Limitations and What We Don't Know
- No human lifespan or mortality data. All the lifespan evidence is in mice. Mouse-to-human translation for lifespan interventions has a mediocre track record.
- Optimal dose and schedule are unknown. Weekly 5 mg is convention, not evidence. The right dose may vary by body weight, age, and goal (immune rejuvenation vs. metabolic vs. cognitive).
- Long-term safety at longevity doses is not characterized. Transplant safety data use far higher daily doses and don't translate cleanly.
- Biomarker surrogates are imperfect. Changes in epigenetic age, IGF-1, inflammatory markers, or grip strength don't reliably predict lifespan benefit.

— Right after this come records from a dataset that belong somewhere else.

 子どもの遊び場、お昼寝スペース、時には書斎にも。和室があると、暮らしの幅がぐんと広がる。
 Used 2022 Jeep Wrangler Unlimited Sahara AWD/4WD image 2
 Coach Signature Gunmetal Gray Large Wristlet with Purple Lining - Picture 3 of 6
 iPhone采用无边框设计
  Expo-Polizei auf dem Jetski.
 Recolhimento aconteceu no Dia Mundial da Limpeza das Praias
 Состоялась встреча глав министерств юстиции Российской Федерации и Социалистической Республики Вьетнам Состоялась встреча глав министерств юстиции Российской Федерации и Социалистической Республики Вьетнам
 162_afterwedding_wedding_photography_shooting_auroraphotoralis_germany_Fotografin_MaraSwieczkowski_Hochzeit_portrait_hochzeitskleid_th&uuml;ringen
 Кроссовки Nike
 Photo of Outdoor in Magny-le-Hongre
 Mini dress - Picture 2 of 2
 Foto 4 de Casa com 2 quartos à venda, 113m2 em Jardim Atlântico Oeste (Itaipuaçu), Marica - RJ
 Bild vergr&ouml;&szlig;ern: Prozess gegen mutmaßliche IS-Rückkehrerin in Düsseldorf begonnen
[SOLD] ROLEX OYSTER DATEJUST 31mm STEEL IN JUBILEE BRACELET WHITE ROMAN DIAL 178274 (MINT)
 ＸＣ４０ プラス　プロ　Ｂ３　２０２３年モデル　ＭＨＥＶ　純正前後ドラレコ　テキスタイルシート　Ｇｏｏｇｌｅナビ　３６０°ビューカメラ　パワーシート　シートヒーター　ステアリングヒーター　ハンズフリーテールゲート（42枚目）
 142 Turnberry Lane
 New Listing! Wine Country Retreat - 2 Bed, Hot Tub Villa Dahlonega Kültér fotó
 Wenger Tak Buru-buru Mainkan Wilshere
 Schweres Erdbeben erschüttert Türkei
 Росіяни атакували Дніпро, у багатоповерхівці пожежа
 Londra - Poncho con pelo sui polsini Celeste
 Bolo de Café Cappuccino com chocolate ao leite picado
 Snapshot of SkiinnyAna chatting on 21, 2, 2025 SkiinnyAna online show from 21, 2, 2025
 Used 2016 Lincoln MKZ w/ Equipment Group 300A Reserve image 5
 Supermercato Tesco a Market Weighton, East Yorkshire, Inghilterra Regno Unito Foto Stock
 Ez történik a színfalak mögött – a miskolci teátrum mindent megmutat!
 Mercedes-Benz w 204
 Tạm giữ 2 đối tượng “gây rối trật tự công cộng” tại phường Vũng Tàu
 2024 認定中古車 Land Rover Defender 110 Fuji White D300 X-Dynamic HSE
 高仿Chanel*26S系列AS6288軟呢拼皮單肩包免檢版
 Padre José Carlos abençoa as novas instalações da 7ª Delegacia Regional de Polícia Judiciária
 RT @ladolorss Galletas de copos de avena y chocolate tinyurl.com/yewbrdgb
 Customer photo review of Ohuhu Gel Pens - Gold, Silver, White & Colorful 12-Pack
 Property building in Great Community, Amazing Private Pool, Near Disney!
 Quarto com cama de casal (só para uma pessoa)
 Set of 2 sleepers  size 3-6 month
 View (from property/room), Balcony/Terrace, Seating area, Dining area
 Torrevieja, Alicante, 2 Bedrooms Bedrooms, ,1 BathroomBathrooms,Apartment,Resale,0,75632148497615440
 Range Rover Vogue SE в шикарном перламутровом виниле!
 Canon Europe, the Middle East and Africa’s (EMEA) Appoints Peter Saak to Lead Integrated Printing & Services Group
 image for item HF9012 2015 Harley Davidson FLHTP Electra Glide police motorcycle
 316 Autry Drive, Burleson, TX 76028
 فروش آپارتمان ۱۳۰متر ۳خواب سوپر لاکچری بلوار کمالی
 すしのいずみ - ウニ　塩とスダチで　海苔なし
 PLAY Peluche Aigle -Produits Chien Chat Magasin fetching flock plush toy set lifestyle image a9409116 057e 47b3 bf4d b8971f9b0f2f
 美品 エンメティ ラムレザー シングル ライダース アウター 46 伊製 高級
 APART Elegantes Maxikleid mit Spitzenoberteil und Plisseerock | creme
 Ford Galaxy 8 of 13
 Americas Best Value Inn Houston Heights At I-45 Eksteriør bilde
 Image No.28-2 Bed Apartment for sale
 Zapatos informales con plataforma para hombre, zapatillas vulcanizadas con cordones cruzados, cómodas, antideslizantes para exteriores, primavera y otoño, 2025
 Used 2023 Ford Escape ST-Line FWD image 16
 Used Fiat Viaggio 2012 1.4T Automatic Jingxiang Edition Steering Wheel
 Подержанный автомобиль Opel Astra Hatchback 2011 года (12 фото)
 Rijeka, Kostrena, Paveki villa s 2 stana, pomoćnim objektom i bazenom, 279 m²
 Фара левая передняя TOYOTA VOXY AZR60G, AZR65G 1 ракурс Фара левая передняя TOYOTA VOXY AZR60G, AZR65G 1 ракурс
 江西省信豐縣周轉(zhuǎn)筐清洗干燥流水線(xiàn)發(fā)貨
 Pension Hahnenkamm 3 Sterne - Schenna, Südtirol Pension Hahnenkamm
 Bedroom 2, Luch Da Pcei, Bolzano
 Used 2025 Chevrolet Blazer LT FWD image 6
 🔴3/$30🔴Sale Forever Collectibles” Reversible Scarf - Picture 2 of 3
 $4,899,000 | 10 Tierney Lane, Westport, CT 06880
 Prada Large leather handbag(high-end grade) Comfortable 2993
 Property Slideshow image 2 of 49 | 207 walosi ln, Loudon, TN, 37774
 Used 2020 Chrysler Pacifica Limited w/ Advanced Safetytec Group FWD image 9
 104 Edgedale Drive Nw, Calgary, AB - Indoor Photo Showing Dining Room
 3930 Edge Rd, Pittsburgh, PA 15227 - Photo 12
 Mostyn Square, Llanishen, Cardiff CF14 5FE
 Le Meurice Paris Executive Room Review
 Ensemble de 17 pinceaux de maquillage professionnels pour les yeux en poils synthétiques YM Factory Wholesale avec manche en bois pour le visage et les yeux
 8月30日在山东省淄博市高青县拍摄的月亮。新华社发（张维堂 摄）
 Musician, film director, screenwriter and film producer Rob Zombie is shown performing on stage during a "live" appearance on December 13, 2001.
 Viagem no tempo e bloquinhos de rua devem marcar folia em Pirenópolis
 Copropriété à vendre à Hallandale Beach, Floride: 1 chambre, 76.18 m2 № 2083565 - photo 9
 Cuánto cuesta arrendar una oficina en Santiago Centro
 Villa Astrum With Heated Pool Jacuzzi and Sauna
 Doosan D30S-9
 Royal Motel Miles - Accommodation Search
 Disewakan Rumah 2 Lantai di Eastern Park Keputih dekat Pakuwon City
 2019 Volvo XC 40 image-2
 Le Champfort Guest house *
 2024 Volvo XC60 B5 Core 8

- Selection bias in off-label user cohorts. People who take rapamycin off-label tend to be healthier, wealthier, and more engaged in their own health — making anecdotal outcomes impossible to interpret.
FAQ
Does rapamycin extend lifespan in humans?
We don't know. It extends lifespan robustly in mice and improves immune function in older adults, but no human trial has measured mortality.
What dose of rapamycin do longevity clinicians use?
Most off-label protocols use 5–8 mg once weekly, sometimes adjusted by blood trough levels. These doses are empirical, not evidence-based.
Is rapamycin safe for long-term use?
At transplant doses (daily, continuous), it causes meaningful side effects. At weekly intermittent doses used for longevity, the safety profile appears more favorable in short-term data, but long-term RCT data do not yet exist.
Can rapamycin reverse biological age?
Some small studies suggest modest epigenetic age reductions, but these are not lifespan endpoints and the measurements themselves carry uncertainty.
Who popularized rapamycin for longevity?
Mikhail Blagosklonny's theoretical papers from 2006 onward, followed by the ITP mouse lifespan data in 2009, drove the field. Matt Kaeberlein and Alan Green are the most public clinical voices today.
Is rapamycin a caloric restriction mimetic?
Partially. It targets mTORC1, one of the central nutrient-sensing hubs affected by caloric restriction, but it does not reproduce every CR-associated adaptation.